1 | user_id: {count, Sorted Set <start_time>} Ví dụ: 12: {1560580210, 1560580212, 1560580213} 5: {1560520442} |
Suppose like rate limiter allows to send 3 requests / min . Then flow will be as follows:
- Delete all start_time in Sorted Set with current_time – 1 min <0
- Calculate the total number of elements in Sorted Set. If this sum is> 3, it will block that request.
- Insert start_time into the Sorted Set and allow the request to be sent to API Server.
With this algorithm, how much memory is required to store data?

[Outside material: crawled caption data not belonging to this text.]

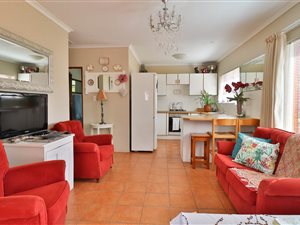 5 Bed House in Broadwood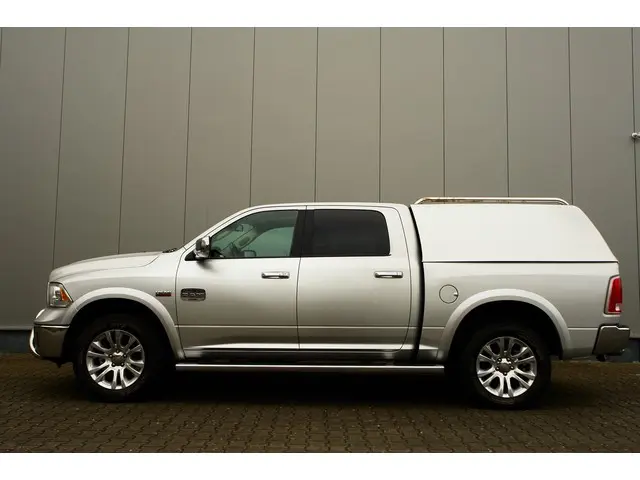 Dodge Ram 1500 2
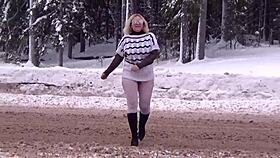 Flashing big naked ass in winter snow outdoors 😎
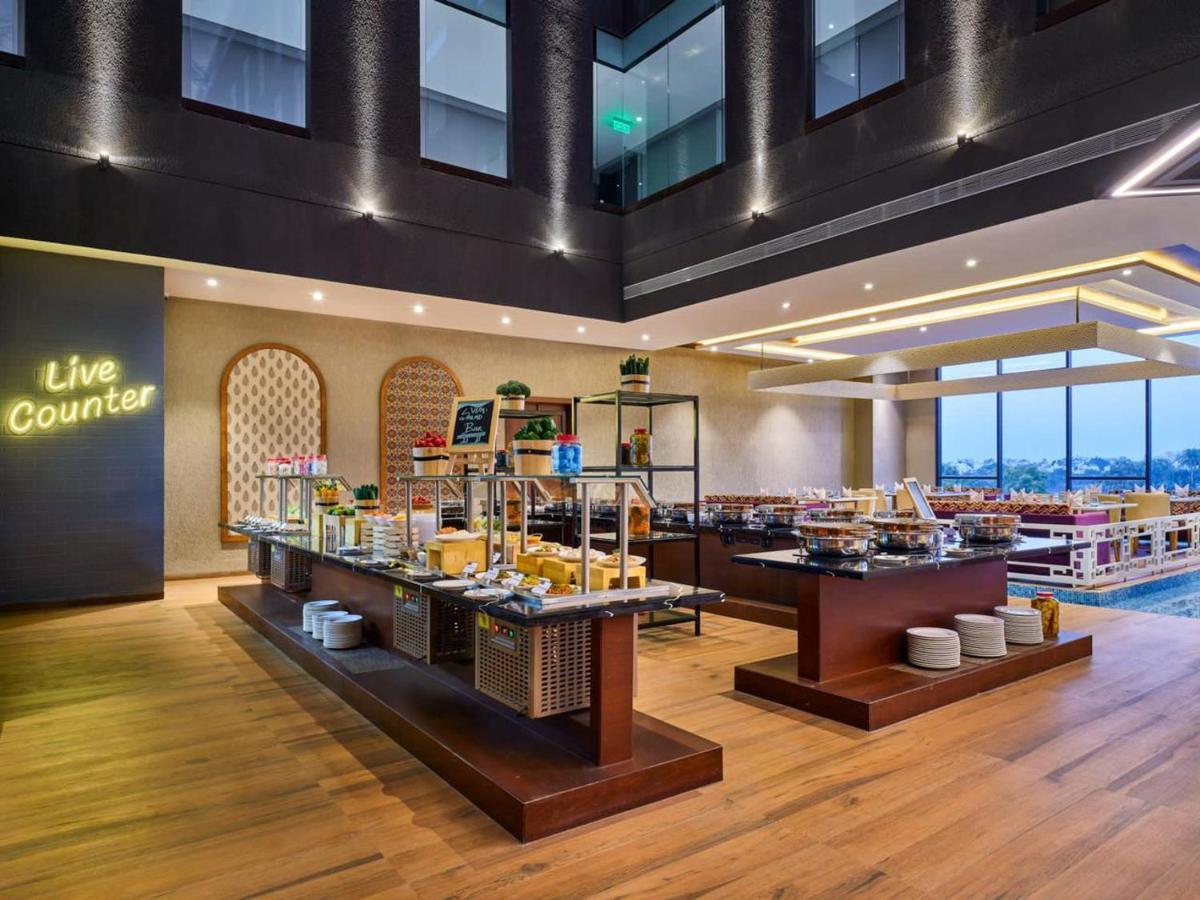 Essentia Luxury Hotel Indore Luaran gambar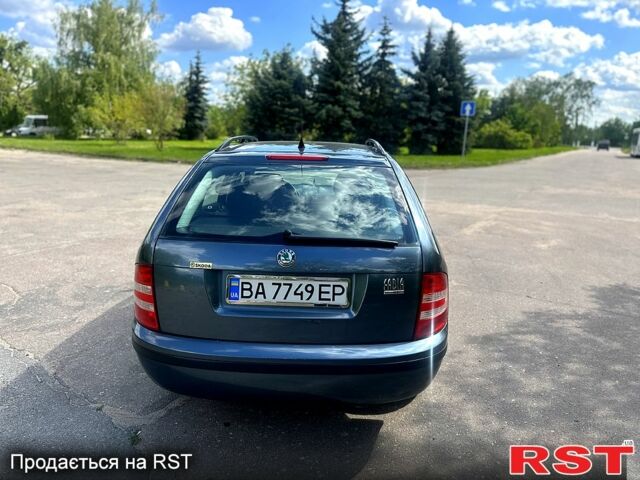 Шкода Фабия, объемом двигателя 1.2 л и пробегом 180 тыс. км за 3200 $, фото 6 на Automoto.ua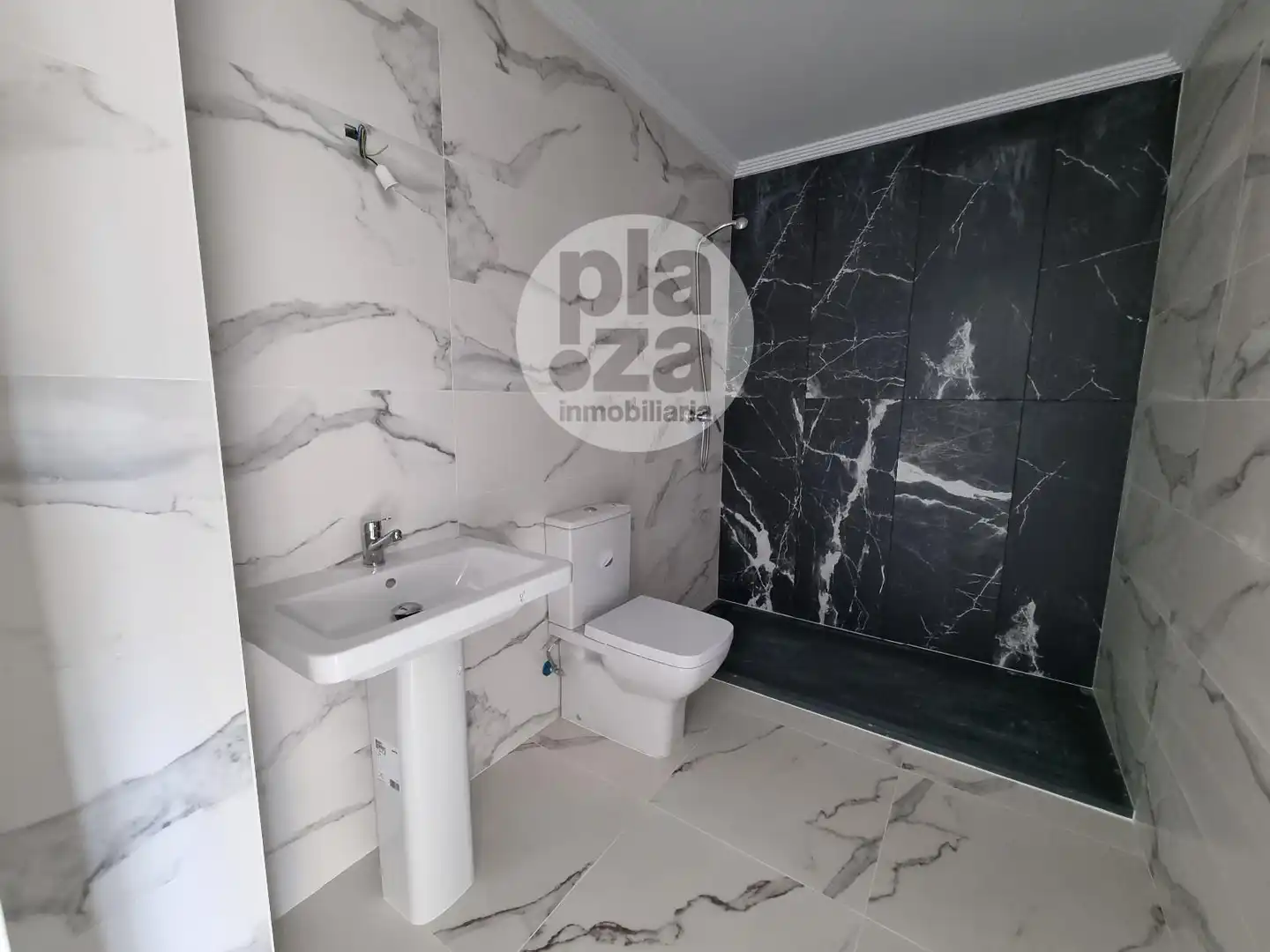 Baño de Piso en venta en Burgos con Calefacción, Terraza y Trastero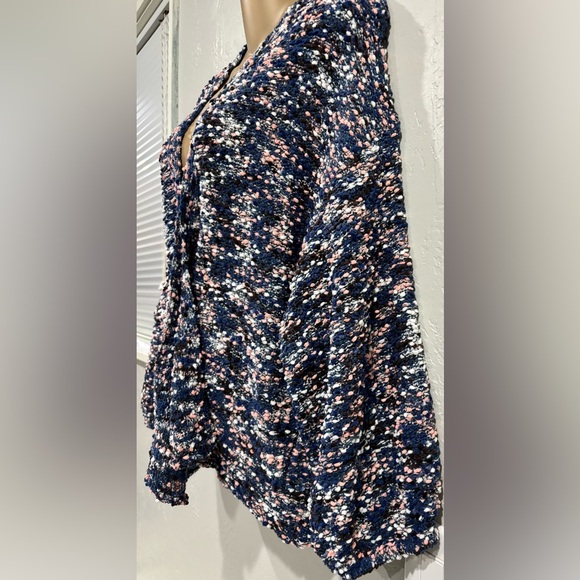 - REWIND Oversized DOLMAN SHRUG ! (MED) - Picture 7 of 9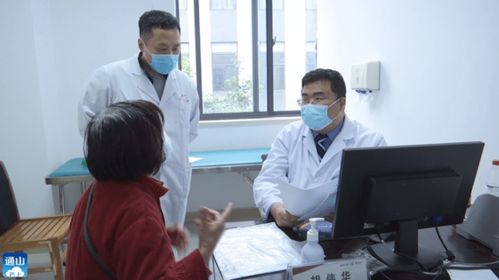 龍印健康慢病預(yù)防與管理公益服務(wù)項目走進通山，為市民帶來專業(yè)健康咨詢
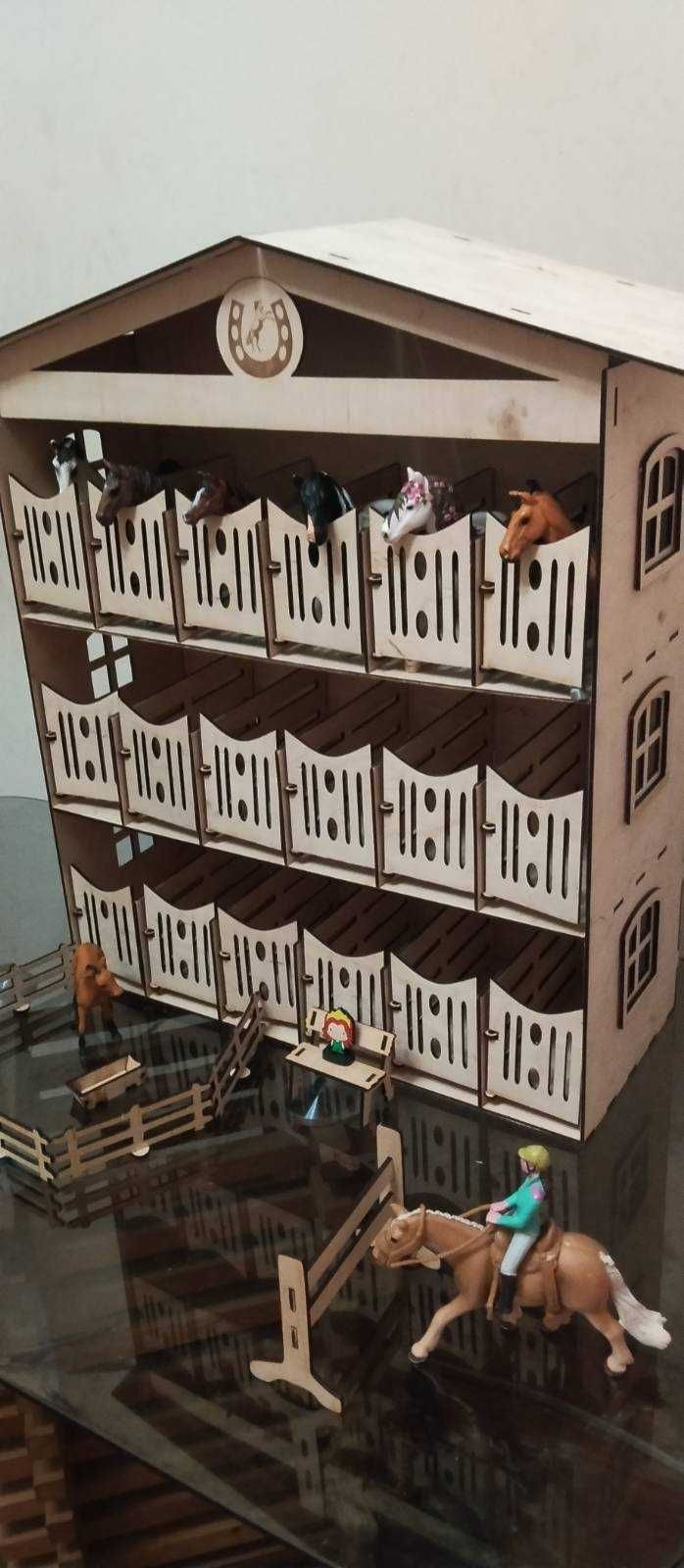 Изготовлевление салфетниц,органайзеров ,детские    игрушки, домики.
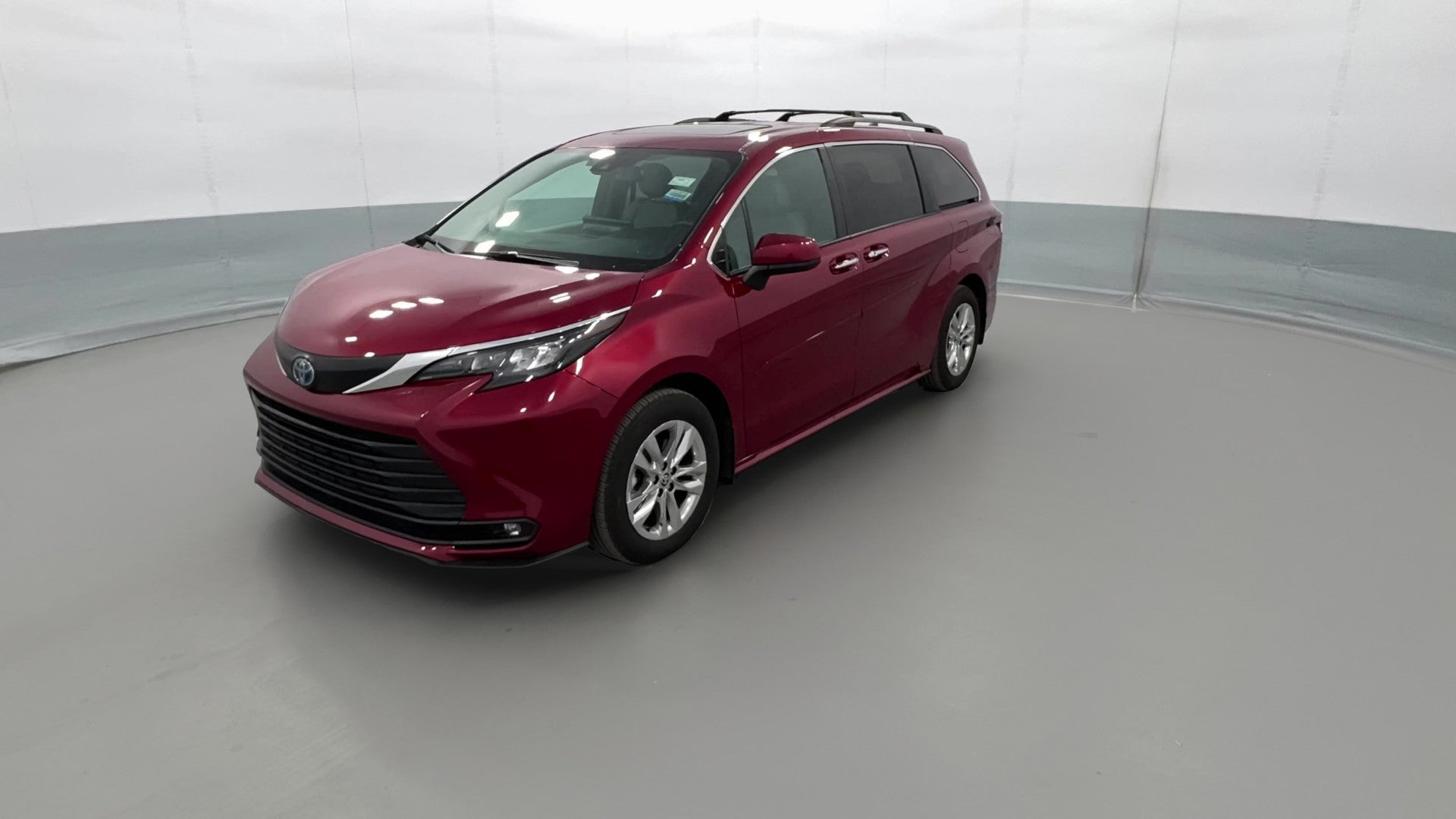 2025 Toyota Sienna vehicle photo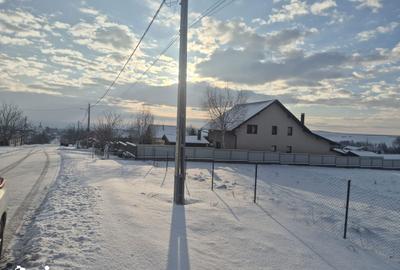 Teren de 1000 mp, în Șcheia - 2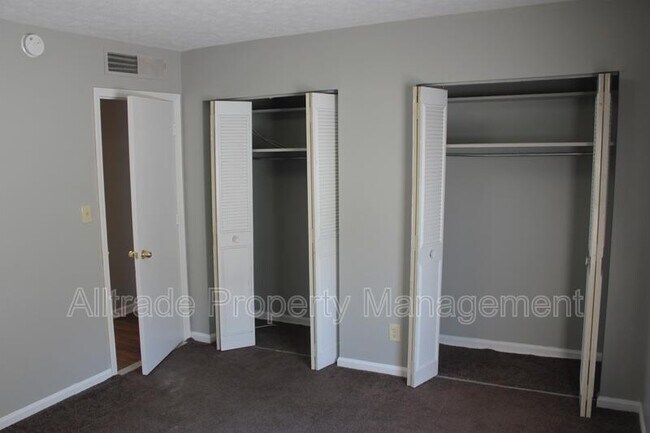 Building Photo - 2358 Grinstead Dr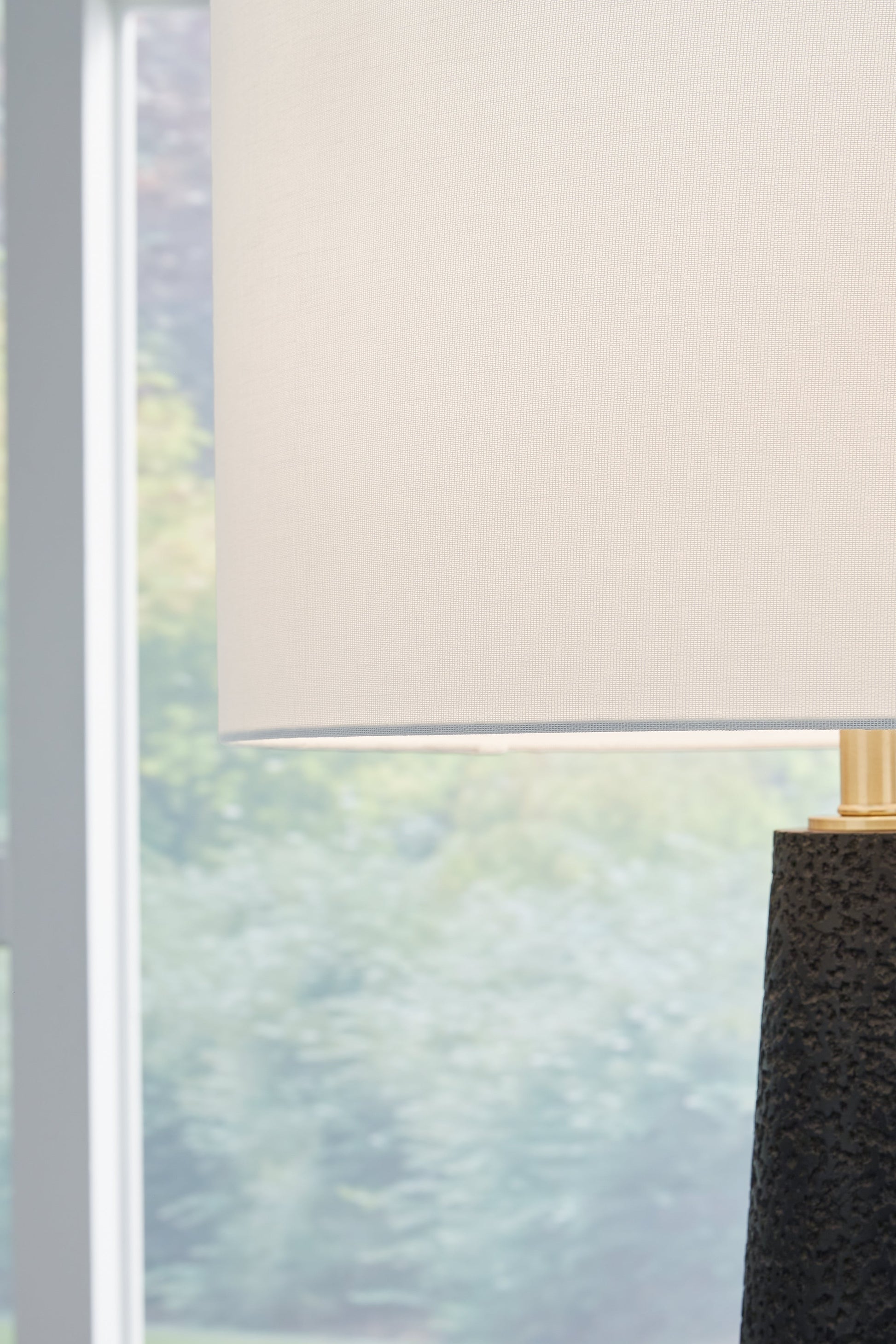 Hallburg Black Floor Lamp - L235761 - Luna Furniture - Dallas Store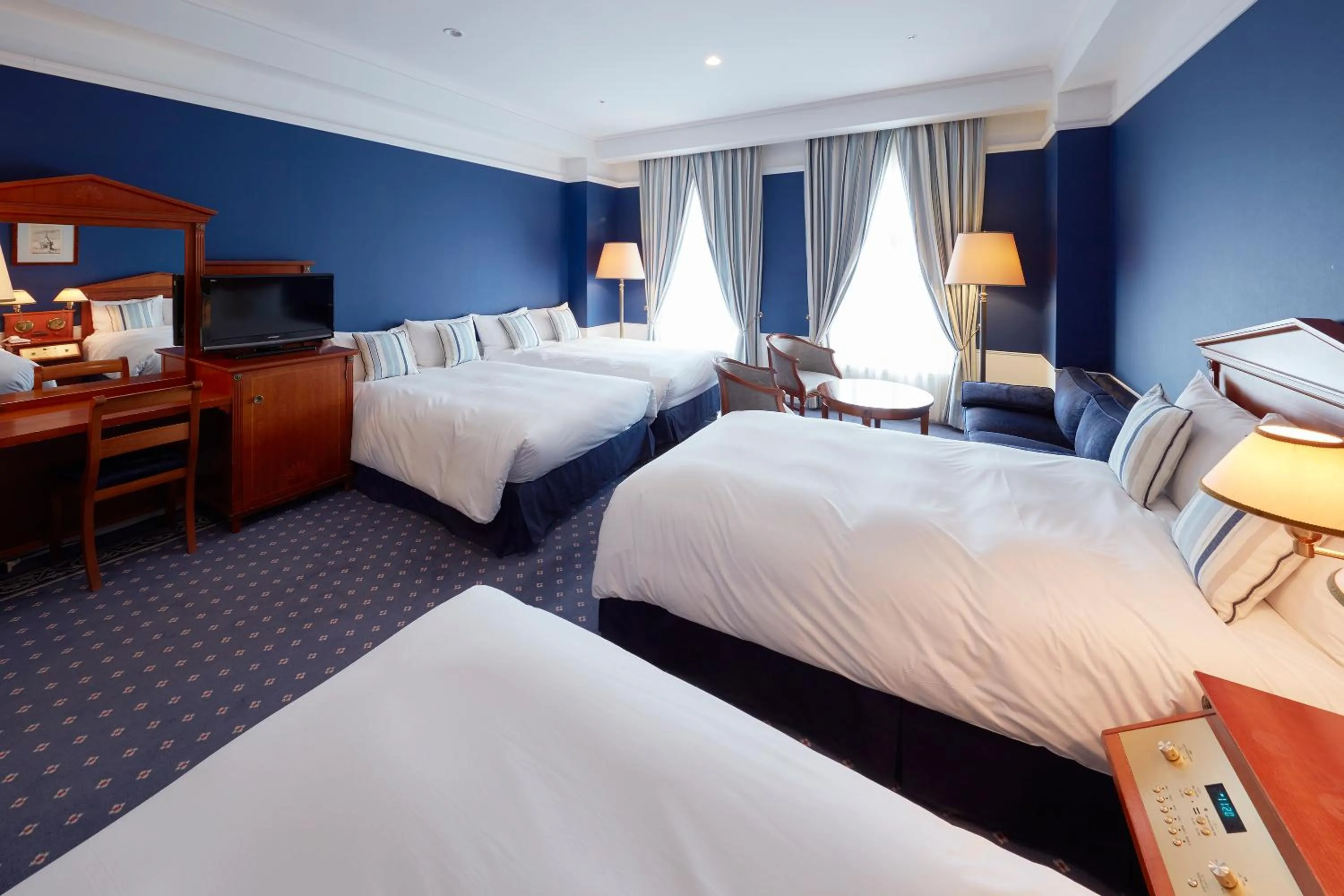 Photo of the whole room, Bed in Hotel Amsterdam Huis Ten Bosch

Our data structure will look like this:
1 | user_id: {start_time_1, start_time_2 ...., start_time_n} |
We will need 8 bytes to store user_id, 4 bytes to store epoch time.
Assuming the overhead of Sorted Set is 20 bytes, the overhead of the hash table is 20 bytes. Rate Limiting is 500 request / hour. Then we will need:
8 + (4 + 20 bytes Sorted Set overhead) * 500 + 20 bytes hash table overhead = 12KB
If we have 1 million users, when closing the total amount of memory required, it will be:
12 KB * 1 million = 12GB
Compared with Fixed Window algorithm, Sliding Window algorithm uses quite a lot of memory to store.
Conclude
Do you see the design of Rate Limiting for API? It is not too difficult, is it?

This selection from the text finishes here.